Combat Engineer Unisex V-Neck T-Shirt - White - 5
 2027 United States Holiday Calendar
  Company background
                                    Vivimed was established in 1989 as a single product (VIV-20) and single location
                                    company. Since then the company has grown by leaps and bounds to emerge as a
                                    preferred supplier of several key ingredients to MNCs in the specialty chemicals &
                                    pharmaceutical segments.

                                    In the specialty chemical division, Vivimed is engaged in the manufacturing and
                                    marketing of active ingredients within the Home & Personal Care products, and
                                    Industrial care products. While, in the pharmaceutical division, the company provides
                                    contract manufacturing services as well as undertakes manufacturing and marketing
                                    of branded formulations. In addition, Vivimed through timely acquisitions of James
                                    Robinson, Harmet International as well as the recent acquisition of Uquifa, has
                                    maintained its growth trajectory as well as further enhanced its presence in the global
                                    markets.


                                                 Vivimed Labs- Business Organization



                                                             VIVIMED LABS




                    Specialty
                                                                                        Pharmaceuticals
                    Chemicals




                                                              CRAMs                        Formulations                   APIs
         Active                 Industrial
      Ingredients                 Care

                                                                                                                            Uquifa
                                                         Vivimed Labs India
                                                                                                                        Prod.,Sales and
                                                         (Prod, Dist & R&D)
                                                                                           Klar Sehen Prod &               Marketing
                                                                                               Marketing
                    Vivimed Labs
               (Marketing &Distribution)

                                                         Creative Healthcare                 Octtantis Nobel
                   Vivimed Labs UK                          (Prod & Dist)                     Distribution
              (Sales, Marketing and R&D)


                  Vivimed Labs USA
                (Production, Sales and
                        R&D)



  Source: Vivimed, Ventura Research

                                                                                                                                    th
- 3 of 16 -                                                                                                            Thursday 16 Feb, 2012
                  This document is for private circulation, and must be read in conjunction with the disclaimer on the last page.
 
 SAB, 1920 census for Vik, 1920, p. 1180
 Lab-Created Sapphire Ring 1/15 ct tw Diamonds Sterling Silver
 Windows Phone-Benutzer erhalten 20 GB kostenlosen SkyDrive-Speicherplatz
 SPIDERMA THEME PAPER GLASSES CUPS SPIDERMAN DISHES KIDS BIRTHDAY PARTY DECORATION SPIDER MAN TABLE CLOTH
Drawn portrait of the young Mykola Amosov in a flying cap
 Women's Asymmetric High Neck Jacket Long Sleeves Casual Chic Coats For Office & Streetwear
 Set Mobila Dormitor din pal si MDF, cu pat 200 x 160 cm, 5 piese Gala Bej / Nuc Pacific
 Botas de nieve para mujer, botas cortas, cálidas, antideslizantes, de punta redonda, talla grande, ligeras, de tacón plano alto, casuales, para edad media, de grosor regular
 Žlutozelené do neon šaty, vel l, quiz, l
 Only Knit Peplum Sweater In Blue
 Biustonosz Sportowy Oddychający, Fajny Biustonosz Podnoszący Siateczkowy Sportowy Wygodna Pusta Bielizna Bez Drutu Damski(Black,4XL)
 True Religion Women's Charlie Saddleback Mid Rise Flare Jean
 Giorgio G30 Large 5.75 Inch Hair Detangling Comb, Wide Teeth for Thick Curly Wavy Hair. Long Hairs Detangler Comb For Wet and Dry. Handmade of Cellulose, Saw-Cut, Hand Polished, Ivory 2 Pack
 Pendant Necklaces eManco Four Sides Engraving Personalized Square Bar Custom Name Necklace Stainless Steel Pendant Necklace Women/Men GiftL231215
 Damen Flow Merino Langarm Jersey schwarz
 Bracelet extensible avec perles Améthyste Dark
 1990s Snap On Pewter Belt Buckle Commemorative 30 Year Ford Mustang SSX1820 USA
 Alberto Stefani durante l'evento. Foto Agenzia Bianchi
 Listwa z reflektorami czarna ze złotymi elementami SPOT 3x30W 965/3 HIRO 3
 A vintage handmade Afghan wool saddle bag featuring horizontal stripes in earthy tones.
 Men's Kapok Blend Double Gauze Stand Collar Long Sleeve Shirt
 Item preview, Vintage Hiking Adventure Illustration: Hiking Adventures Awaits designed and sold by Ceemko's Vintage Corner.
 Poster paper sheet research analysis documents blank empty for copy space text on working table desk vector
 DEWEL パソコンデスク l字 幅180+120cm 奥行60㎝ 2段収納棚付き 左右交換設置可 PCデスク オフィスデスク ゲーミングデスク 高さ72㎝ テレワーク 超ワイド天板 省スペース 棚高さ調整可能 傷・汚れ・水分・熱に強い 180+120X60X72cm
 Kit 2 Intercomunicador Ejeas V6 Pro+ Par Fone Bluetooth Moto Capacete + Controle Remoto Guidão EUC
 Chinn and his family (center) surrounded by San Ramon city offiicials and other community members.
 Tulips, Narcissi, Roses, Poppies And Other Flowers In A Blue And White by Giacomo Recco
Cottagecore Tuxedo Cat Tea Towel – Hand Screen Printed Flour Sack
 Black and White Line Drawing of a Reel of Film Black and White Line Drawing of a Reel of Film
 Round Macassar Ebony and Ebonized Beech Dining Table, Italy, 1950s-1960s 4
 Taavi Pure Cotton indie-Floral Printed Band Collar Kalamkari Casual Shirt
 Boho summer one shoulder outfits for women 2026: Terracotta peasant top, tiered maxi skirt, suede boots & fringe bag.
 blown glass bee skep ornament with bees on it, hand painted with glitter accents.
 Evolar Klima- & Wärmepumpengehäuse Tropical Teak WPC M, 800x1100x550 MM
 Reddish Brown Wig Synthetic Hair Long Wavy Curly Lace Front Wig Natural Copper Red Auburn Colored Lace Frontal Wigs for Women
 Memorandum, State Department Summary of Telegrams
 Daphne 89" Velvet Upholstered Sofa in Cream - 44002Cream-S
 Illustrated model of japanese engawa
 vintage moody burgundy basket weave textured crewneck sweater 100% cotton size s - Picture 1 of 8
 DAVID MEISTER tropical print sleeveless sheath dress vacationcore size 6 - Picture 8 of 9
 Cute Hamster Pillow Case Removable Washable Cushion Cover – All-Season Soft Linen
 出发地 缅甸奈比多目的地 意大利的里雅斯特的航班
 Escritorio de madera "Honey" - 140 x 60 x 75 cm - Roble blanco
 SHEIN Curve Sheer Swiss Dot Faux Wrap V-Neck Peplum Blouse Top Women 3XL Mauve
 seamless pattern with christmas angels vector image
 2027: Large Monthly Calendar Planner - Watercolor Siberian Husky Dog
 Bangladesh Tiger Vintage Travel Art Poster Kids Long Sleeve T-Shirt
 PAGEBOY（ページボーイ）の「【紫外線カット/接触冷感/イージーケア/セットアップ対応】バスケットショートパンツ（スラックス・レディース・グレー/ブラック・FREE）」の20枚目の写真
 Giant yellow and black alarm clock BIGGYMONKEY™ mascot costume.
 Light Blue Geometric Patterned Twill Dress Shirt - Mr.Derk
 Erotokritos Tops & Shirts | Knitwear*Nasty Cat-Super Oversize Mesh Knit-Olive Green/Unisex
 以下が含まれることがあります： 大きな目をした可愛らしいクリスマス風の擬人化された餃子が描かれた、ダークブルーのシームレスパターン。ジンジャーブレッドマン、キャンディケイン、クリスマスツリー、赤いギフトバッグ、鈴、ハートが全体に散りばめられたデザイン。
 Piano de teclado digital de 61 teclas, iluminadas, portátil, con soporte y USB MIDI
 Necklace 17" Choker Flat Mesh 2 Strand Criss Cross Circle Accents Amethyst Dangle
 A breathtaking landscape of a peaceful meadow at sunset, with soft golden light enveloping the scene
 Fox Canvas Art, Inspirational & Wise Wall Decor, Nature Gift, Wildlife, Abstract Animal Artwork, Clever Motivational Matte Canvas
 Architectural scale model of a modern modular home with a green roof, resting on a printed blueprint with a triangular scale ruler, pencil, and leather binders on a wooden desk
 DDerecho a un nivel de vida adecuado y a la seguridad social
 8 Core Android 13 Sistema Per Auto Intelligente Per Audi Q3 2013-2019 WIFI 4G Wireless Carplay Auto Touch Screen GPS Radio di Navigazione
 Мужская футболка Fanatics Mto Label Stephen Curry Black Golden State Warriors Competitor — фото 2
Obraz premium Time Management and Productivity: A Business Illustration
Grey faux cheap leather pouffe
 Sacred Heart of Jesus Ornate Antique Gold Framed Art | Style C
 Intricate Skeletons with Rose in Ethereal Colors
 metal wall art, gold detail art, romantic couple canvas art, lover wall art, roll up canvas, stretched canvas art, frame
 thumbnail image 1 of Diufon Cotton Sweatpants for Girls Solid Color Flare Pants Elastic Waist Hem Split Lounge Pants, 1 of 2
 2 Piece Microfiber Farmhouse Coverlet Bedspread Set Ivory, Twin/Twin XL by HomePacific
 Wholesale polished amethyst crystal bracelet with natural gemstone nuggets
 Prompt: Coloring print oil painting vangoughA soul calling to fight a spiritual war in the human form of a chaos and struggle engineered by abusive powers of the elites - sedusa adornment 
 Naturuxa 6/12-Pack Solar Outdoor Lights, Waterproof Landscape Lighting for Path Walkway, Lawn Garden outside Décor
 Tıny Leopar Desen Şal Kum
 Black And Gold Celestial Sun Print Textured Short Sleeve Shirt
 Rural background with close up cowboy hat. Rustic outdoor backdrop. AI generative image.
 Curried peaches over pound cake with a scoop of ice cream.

++++++

INSTRUCTIONS TO FOLLOW:
Return all lines from the data that include the string "Picture".

SOLUTION TO THIS TASK:
 vintage moody burgundy basket weave textured crewneck sweater 100% cotton size s - Picture 1 of 8
 DAVID MEISTER tropical print sleeveless sheath dress vacationcore size 6 - Picture 8 of 9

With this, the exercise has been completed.